Sulla decisione della Suprema Corte è «perplesso» il
“laico” dei Ds Gianni Di Cagno, secondo il quale si potrebbe determinare
«un’inaccettabile sperequazione»: «Se, come pare, la
Corte ha ancorato il proprio convincimento al principio dell’oralità
che informa il processo penale, mi permetto di ricordare che anche il processo
del lavoro e, in parte, il nuovo processo civile sono fondati sull’oralità,
eppure nessuno si sogna di far ricominciare i procedimenti ogni volta che
cambia il giudice». «Tutte le sentenze devono essere rispettate
ed è compito del Csm vigilare in via generale perché questo
rispetto venga sempre tributato a tutti i giudici italiani come gli stessi
meritano» sottolinea invece Mario Serio, “laico” di Forza Italia.
Il “togato” Ettore Ferrara (Unicost) accusa i pm siciliani di «interferenza
sul libero dispiegarsi della giurisdizione», mentre per Carlo Di
Casola (Magistratura democratica) è «prassi discutibile commentare
il dispositivo di una sentenza senza che si conoscano le motivazioni».
E anche la Procura di Milano non condivide l’allarme dei colleghi di Palermo.
La presa di posizione di Caselli è stata accolta con perplessità
da molti sostituti e il procuratore aggiunto Gerardo D’Ambrosio ha spiegato
di ritenere che la Cassazione «ribadisca un concetto da condividere».
«Se il codice prevede che la prova si formi in dibattimento – ha
detto – l’immutabilità dei giudici è un principio che non
può non essere rispettato. E non è un problema dei processi
di mafia – ha aggiunto – perché i principi vanno rispettati per
tutti». Un principio «vecchio quanto il processo penale»,
quello dell’immutabilità del giudice, che «si può leggere
nel codice di procedura penale attualmente in vigore». Nulla di nuovo
sotto il sole, dunque, secondo l’ex presidente della prima sezione penale
della cassazione Corrado Carnevale, mentre attacchi a Caselli vengono anche
dal penalista romano Titta Madia, responsabile della giustizia per l’Udr,
e da Gaetano Pecorella, ex presidente dell’Unione delle Camere penali e
parlamentare di Fi. Il primo definisce Caselli «un magnifico pasdaran
della giustizia», il secondo rammenta che l’azzeramento di tutto
il dibattimento quando la corte cambia composizione nel corso del processo,
costituisce «una regola già presente nel nostro codice».

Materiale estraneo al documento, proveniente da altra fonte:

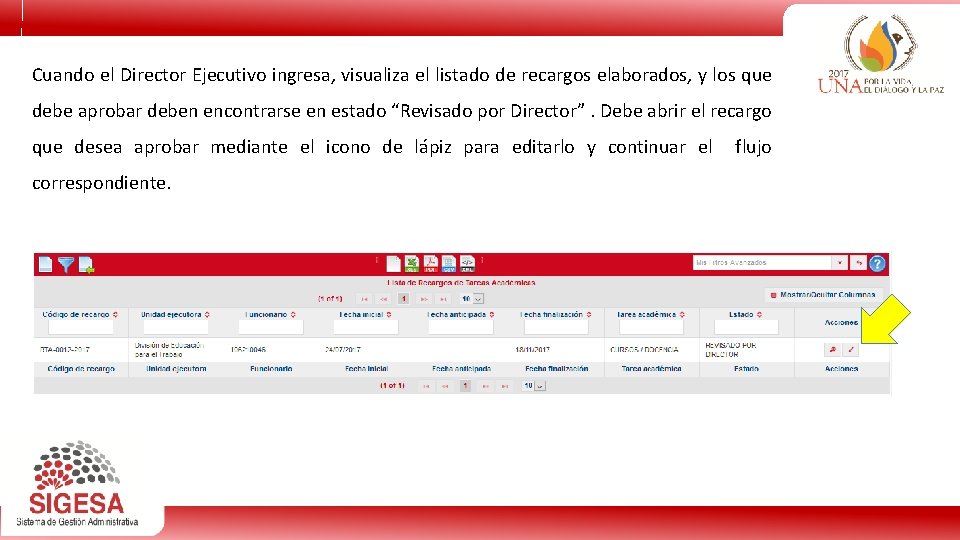 Cuando el Director Ejecutivo ingresa, visualiza el listado de recargos elaborados, y los que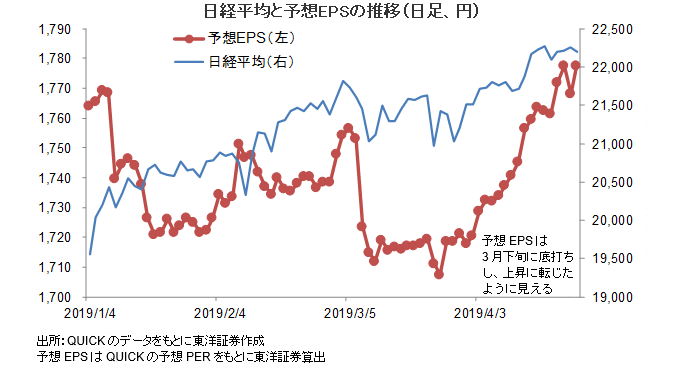 日経平均と予想EPSの推移（日足、円）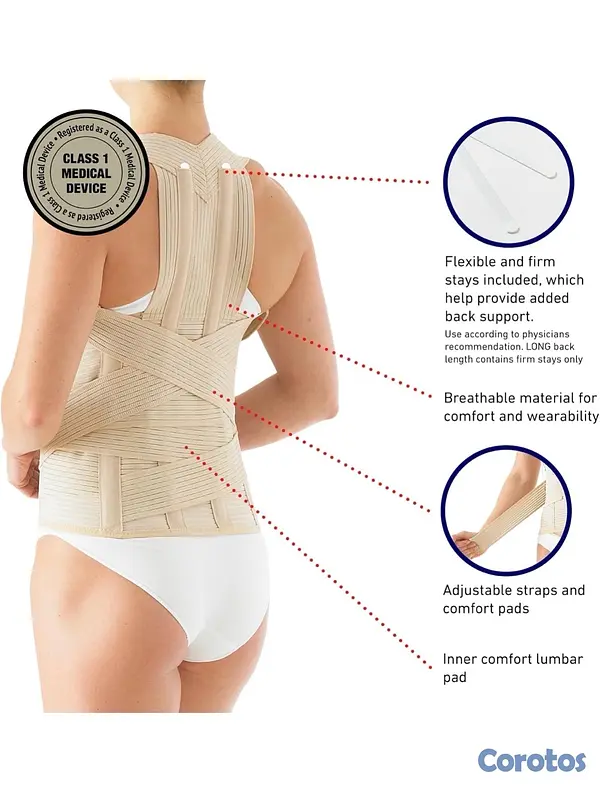 Salud y Equipamiento Médico - Faja corrector postura de espalda y soporte, alivia dolor de espalda 2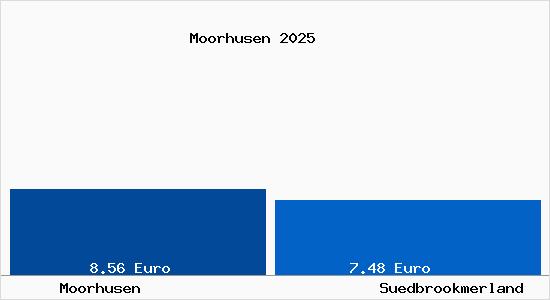 Vergleich Mietspiegel S&uuml;dbrookmerland mit S&uuml;dbrookmerland Moorhusen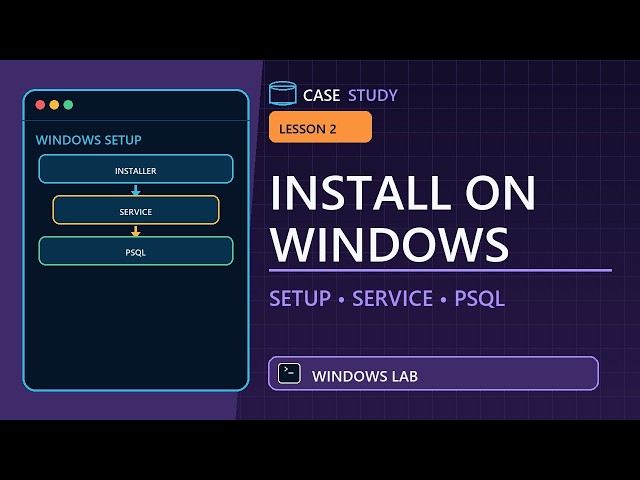Install PostgreSQL on Windows — Complete Setup and Verification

E in difesa della Suprema Corte si schierano anche il deputato dei Verdi
Paolo Cento e il vicepresidente della Camera Alfredo Biondi, che se la
prende con Giancarlo Caselli, che – dice – «vuole cassare la Cassazione
che si fregia del titolo di Corte Suprema. Ma la supremazia è solo
nominale quando le sentenze non piacciono alle procure ieri di Milano oggi
di Palermo». Cento ricorda invece che «la Suprema Corte è
nel nostro sistema un organismo fondamentale di tutela per la corretta
applicazione delle leggi ed è ormai inaccettabile che ogni decisione
di questo organo venga utilizzata strumentalmente per lanciare allarmi
che disorientano la pubblica opinione».